Thien Art Space, Pai (amazing bar and restaurant, look here)

Wat Phan Tao, Chiang Mai

Love Strawberry Pai, strawberry farm


Bewel Hostel, Bangkok


As our first destination from the airport, this was where Gerry and I were reunited with Natalie and Charlie after they left us in Leeds nine months previously. Maybe it was a combination of the long-haul flight, the jet lag, and the wall of super sweaty midday heat, or maybe it was the girls emerging brown and barefoot to greet us and the way the tranquil air-conditioned space invited us in from the confusing Bangkok streets, but Bewel seemed like some sort of oasis or dream; surreal and beautiful. It is a tranquil haven, only a ten minute walk from the Khao San road but without any of the manic bustle and noise. Owned by charming Frenchman Gerard, the hostel feels like something you would find in Ibiza, but without the pretensions (or the price tag). The walls throughout are painted that white that is cool but not cold, and the second floor lounge area is filled with mismatched furniture and slouchy beanbags complemented by the low ceiling and exposed wooden staircase. The shared areas are simple yet stylish, with a decor mixing Thai and French drawings, posters and paintings, and the dorm we stayed in was light and airy. If I ever found myself in Bangkok again there is no doubt I would stay here.

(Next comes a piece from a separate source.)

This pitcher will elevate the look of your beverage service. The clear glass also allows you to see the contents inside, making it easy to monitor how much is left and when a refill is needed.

We paid a slightly discounted price for reduced shower access as a couple were being renovated, but from what I remember the usual rate in a dorm is about 300baht per night (just under £6).
Included in the price is a simple breakfast, drinking water, tea and coffee, a shared tv and computer, secure luggage storage and lockers in the room.  

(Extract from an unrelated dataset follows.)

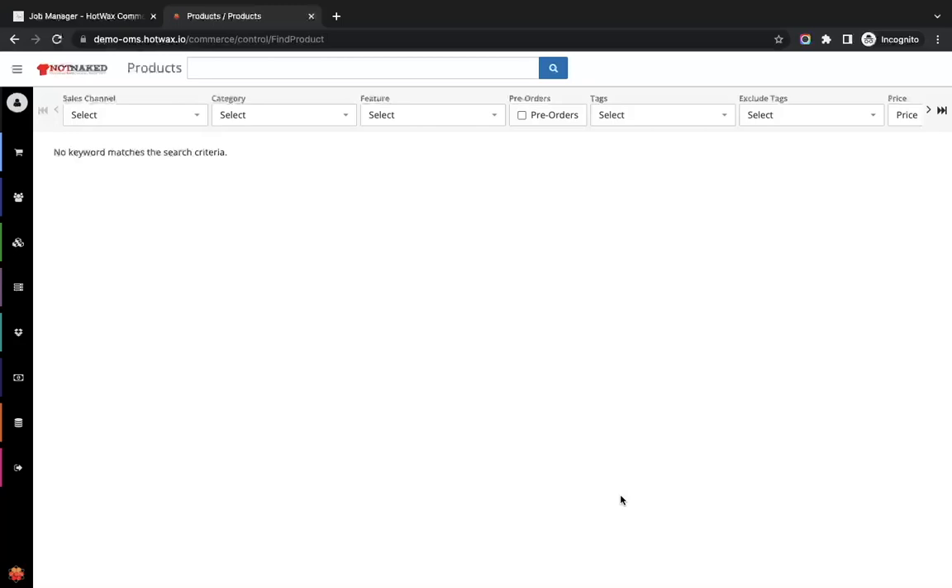Managing pre-orders for large catalogs can be a complicated task. HotWax Commerce helps to automate pre-order and back-order management using purchase orders and by automatically listing and delisting the products. In this demo video we will have a look at the complete flow of HotWax pre-order management.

  Find the hostel on Facebook and TripAdvisor





Graph Cafe, Chiang Mai

(Photo by Graph Cafe)

If I had to put forward a coffee shop in my experience that came under the heading of 'hidden gem', Graph Cafe would have to be the one. Wandering through the back streets of Chiang Mai, among hostels, tiny local restaurants and stray dogs, we came across this maven of cool and caffeine around the corner from some washing machines we were using. Far from the usual hippie traveller character of many places you come across, this cafe is host to trendy minimal decor and a coffee machine/prep station any budding barista would salivate over. We were served by a lovely Thai guy in thick black rimmed glasses and a breton shirt, who made some excellent bagels (not a common baked good in Thailand) and even better lattes. Graph is one of the smallest cafes I think I have ever been to - the four of us only just fit into the space with a friendly, elegant lady from Bangkok at the other table, as Bretonshirt and his friend (who was fixing Charlie's camera) squeezed past us. But this is far from a negative, as it makes you feel like you've dropped in at a friend's house, sitting in their front room chatting or reading the newspapers and magazines available on top of the glass cabinets. Camera fixed and caffeine cravings satiated, we filed outside as another woman waited by the window to let us pass and not box us in like sardines. Verdict: small but perfectly formed.   

Find the cafe on Facebook





Pai Highland Resort, Pai


About fifteen minutes on foot from the main walking street of Pai and its busy bars and restaurants, this hostel gives the option of twin rooms or cute little individual cabins. In the interest of budgeting we went with the former, but when that option allows you to pay less than £3 each to share with a friend and have an ensuite bathroom thrown in too, you can't really complain. There is plenty of space for hired mopeds (exhilarating/terrifying), and a relaxing covered communal area with fairy lights, hammock and hanging cocoon chair. Although the amenities are fairly basic, I fell in love with the crazy art along the exterior wall of the building that housed our rooms. I didn't get a chance to ask whose work it was, or what the speech bubbles said, but the weird little characters and colourful patterns added a fun&fresh appearance to an otherwise plain expanse of concrete. The views from the seating area are stunning, with haze-topped mountains covered in luscious green rolling away above the rice fields across the road. A lot quieter than the infamous Spicypai Backpackers hostel down the track opposite, Pai Highland Resort is perfect for a taste of the beautiful countryside away from the noisy streets of this small town.